| HN Mirror

Y	Hacker News new \| ask \| show \| jobs

by psyklic 821 days ago

These have been on HN:

- https://www.bookai.chat/

- https://www.myreader.ai/

1 comments

blizzardman 821 days ago

This is so cool, does anyone know how to build an app that answer question from the book? What would you need to learn to build an llm app like this? Can you use llama directly?

link

psyklic 821 days ago

Building a prototype of this would be very straightforward. The difficulty would be ensuring high-quality results.

1. You'd only have to know basic web dev. Enough to get input from the user, send it to an API (e.g. https://openai.com/blog/openai-api), and display results. There are many tutorials online showing how to do this.

2. You'd then design a prompt ("prompt engineering") that tells the GPT it's read the book, asking it to converse in a friendly manner as an expert literary critic, etc. Place this prompt and the prior conversation before the user's new question. Then send it to the API. (It's likely the GPT at least knows something about most popular books.)

3. You can now try to improve the results.
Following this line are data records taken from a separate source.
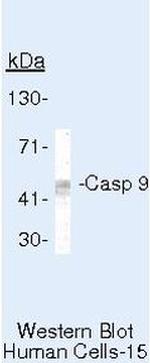 Caspase 9 Antibody in Western Blot (WB)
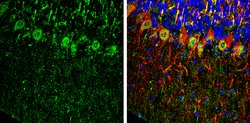 Invitrogen PHD2 Polyclonal Antibody 100 &mu;L; Unconjugated:Antibodies,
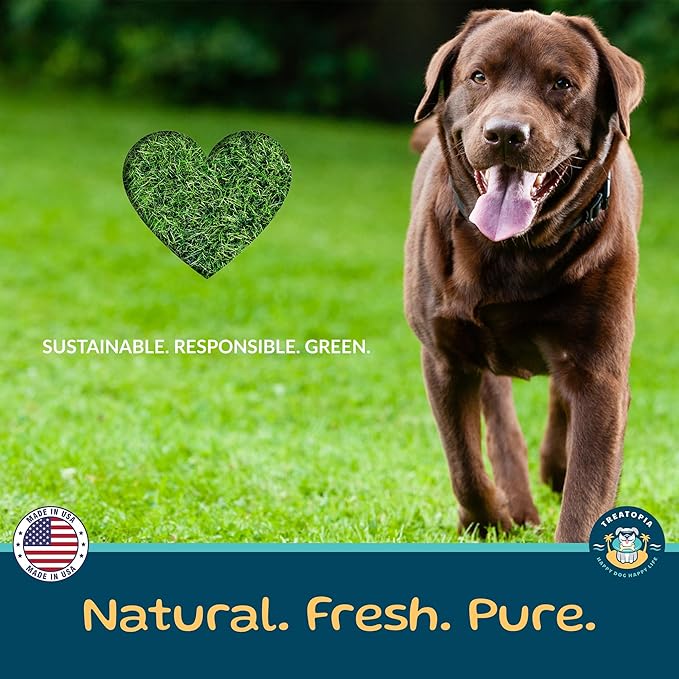 TREATOPIA Lamb Lung Nuggies Bites Dog Treats, 2 LB Bag - All-Natural, Sustainable, Healthy, High Protein, Hand-Trimmed, Slow-Roasted, Made in The USA, Nutritious, No Additives, No Fillers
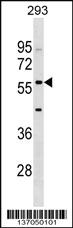 Anti-IFIT2 Rabbit Polyclonal Antibody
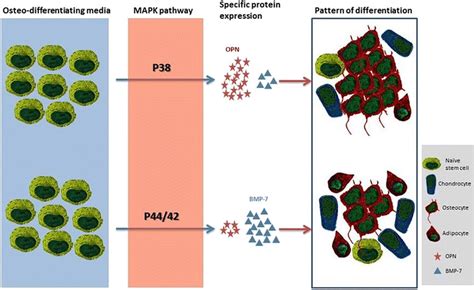 Schematic Representation Of The Proposed Mechanism Of Osteogenesis Key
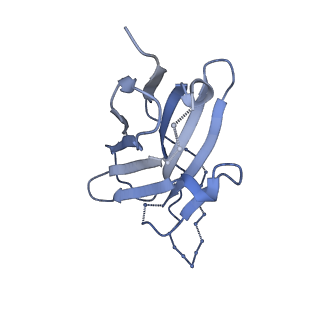 20100_6okp_Q_v1-2
B41 SOSIP.664 in complex with the silent-face antibody SF12 and V3-targeting antibody 10-1074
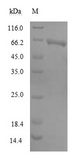 MIER2 Protein - (Tris-Glycine gel) Discontinuous SDS-PAGE (reduced) with 5% enrichment gel and 15% separation gel.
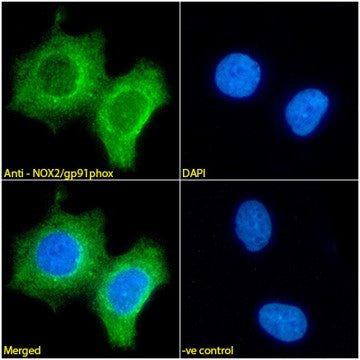 NOX2 Antibody in Immunocytochemistry (ICC/IF)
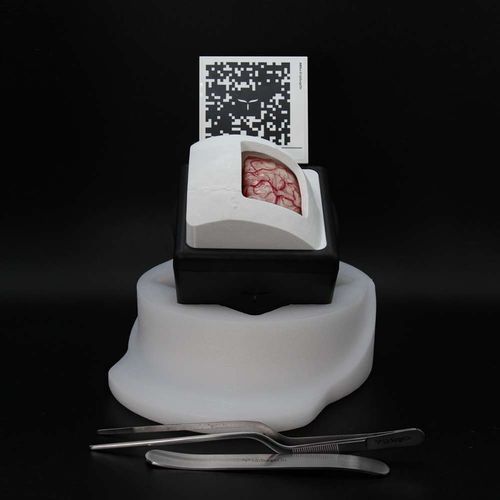 Simulador para treinamento - BrainTumorBox - UpSurgeOn - para cuidados gerais de saúde / de anatomia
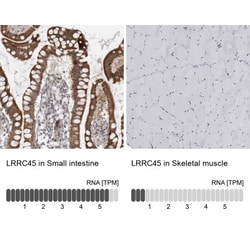 LRRC45 Antibody, Novus Biologicals 25 &mu;L | Buy Online | Novus Biologicals | Fisher Scientific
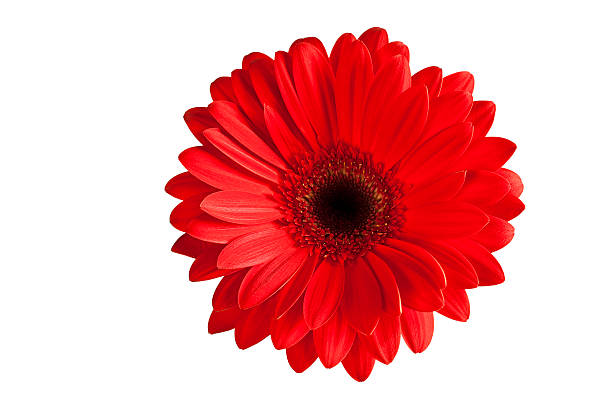 aislado gerbera (xxxl) - perfection gerbera daisy single flower flower fotografías e imágenes de stock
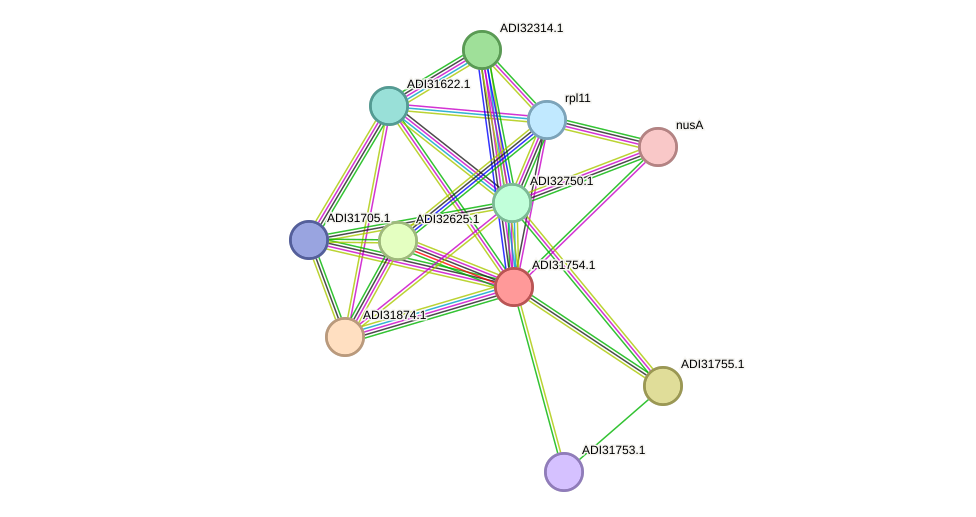 STRING protein interaction network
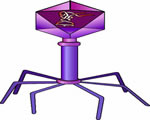 Viruses and Bacteria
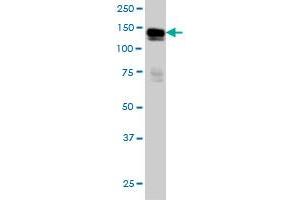 AXL antibody  (AA 30-140)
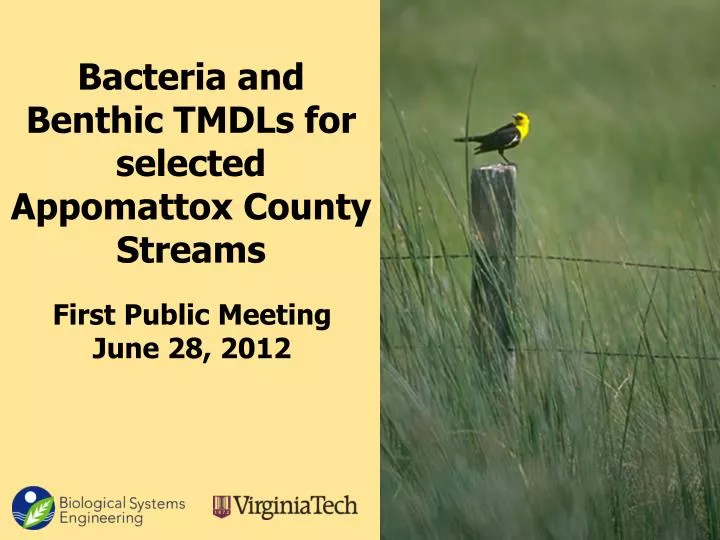 bacteria and benthic tmdls for selected appomattox county streams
A popular method: If you have the full text for the book, you can do a text search for the user's query. Then just include relevant parts of the book in the prompt.

link

blizzardman 820 days ago

Thank you

I am imagine something more complicated, like having a chatbot with the personality of the character in the book answering hypothetical questions. Like asking gandolf why he didn't send the eagles to drop the ring!!!! Or asking dumbledledore why don't he create horcrux himself and fight voldemore, since he was able to defeat him once at the ministry of magic.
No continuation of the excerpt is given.